H.R. 5735 establishes a demonstration program to set aside Section 8 housing vouchers for supportive and transitional housing for individuals recovering from substance use disorders. This bill would set aside, out of approximately 2.2 million vouchers, the lesser of 10,000 vouchers or .05 percent of all vouchers for use in the five-year demonstration. Eligible voucher recipients would participate in programs that provide evidence-based treatment and workforce development training according to standards established by the HUD Secretary, in consultation with other relevant agencies.

The Section 8 low-income housing program is authorized under Section 8 of the U.S. Housing Act of 1937 and provides individual and project-based assistance. The Housing Choice Vouchers are portable subsidies that eligible low-income families or individuals can use to subsidize their rents in the private market. Housing Choice Vouchers are administered at the local level by quasi-governmental public housing authorities (PHAs). Project-based rental assistance is a form of rental subsidy that is attached to a unit of privately owned housing.
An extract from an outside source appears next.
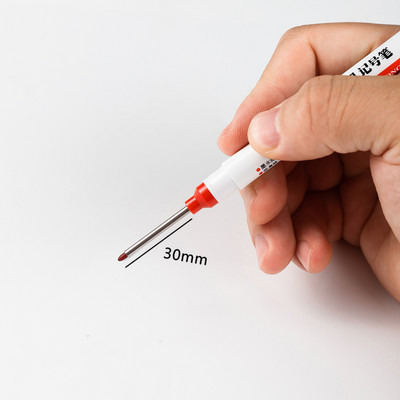 20MM markeri s dugom glavom crvene/crne/plave/bijele tinte Dekoracija drva za kupaonicu Višenamjenske olovke s dubokim rupama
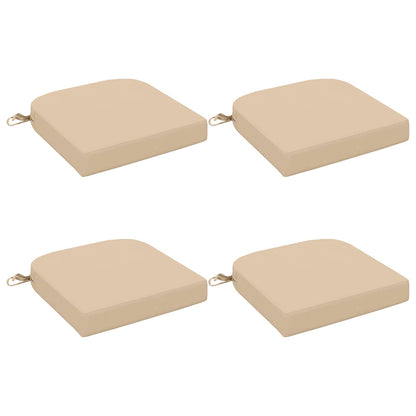 4-Piece Seat Cushions SOEST 4 pcs 100% Polyester Cream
In both the Housing Choice Voucher and project-based subsidies, participating families or individuals contribute 30 percent of their income to the monthly rental payment, with the subsidy covering the remaining portion of the rent up to an established local rental payment standard.

H.R. 5735 would change how vouchers are allocated by authorizing HUD to directly distribute such vouchers, on a competitive basis, to eligible entities, such as non-profit organizations, which will use the vouchers to complement recovery based services.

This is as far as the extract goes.